• **ABOUT THIS TASK**:
Give back an exact copy of the entries beneath, minus the pictures.

(Crawled caption data)
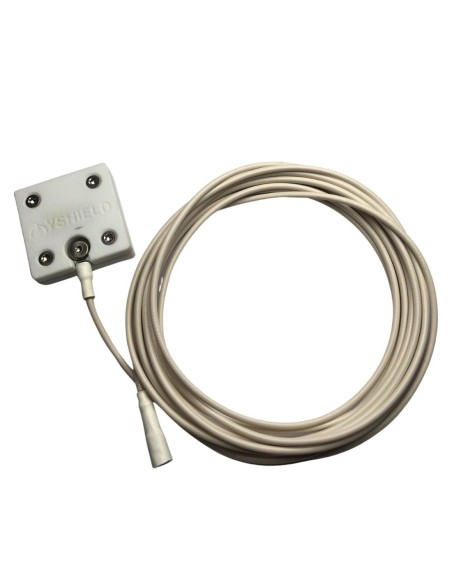 Cordon de mise à la terre à douille cylindrique et plaque GCM magnétique Yshield (résistance 100KOhms incluse)
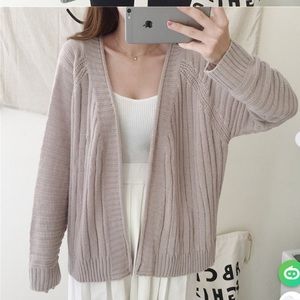 YESSTYLE - Purple Cardigan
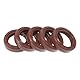 HEROFFIX Universelle Öldichtung TC Doppellippe mit Stahlfeder Dichtungsring Rotierende Wellendichtung 25x35x8mm Hochdruck FKM Gummi Braun 5 Stück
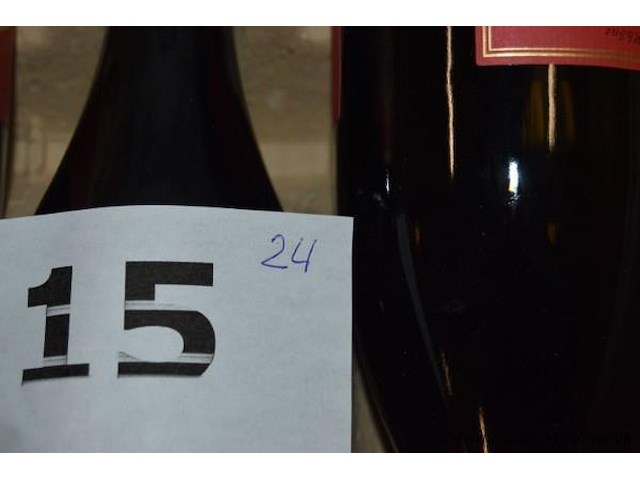24x fles rode wijn, domaine de grangeneuve, coteaux-du-tricastin, 2001 - afbeelding 3 van  3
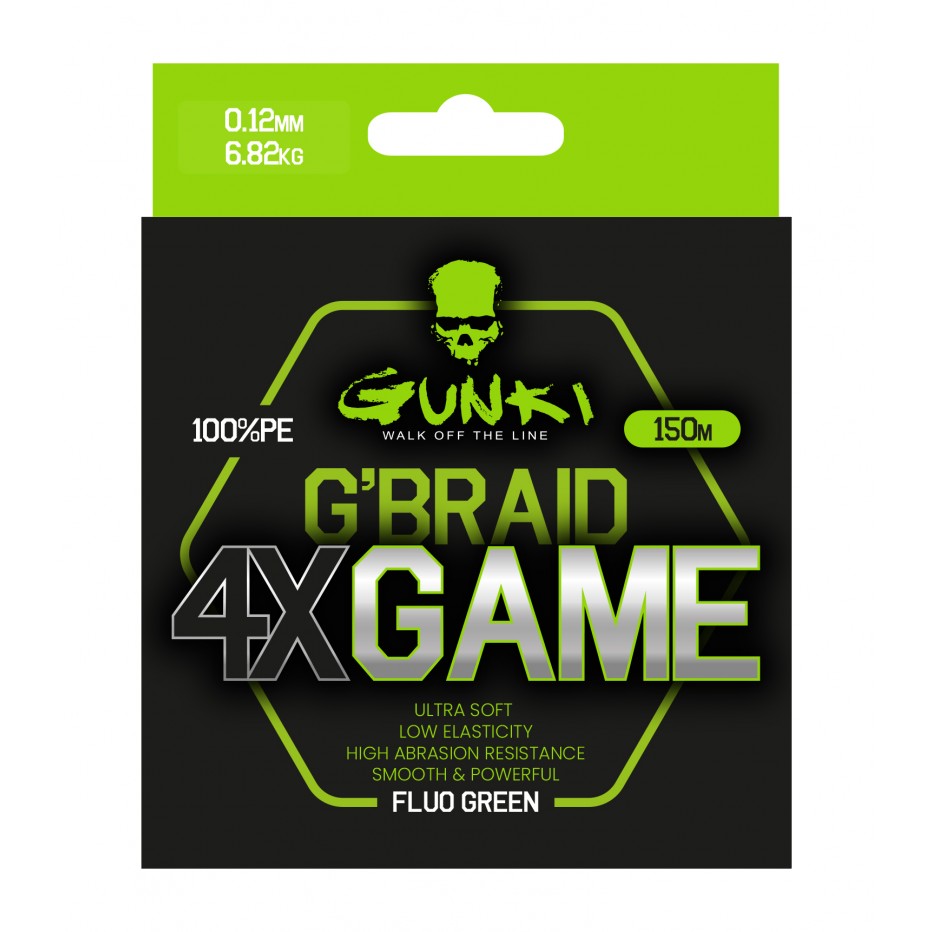 Braid Gunki G'Braid 4X Game 150m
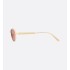 DiorCannage R1U Gradient Pink Oval Sunglasses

• **EXERCISE RESULT**:
 Cordon de mise à la terre à douille cylindrique et plaque GCM magnétique Yshield (résistance 100KOhms incluse)
 YESSTYLE - Purple Cardigan
 HEROFFIX Universelle Öldichtung TC Doppellippe mit Stahlfeder Dichtungsring Rotierende Wellendichtung 25x35x8mm Hochdruck FKM Gummi Braun 5 Stück
24x fles rode wijn, domaine de grangeneuve, coteaux-du-tricastin, 2001 - afbeelding 3 van  3
 Braid Gunki G'Braid 4X Game 150m
 DiorCannage R1U Gradient Pink Oval Sunglasses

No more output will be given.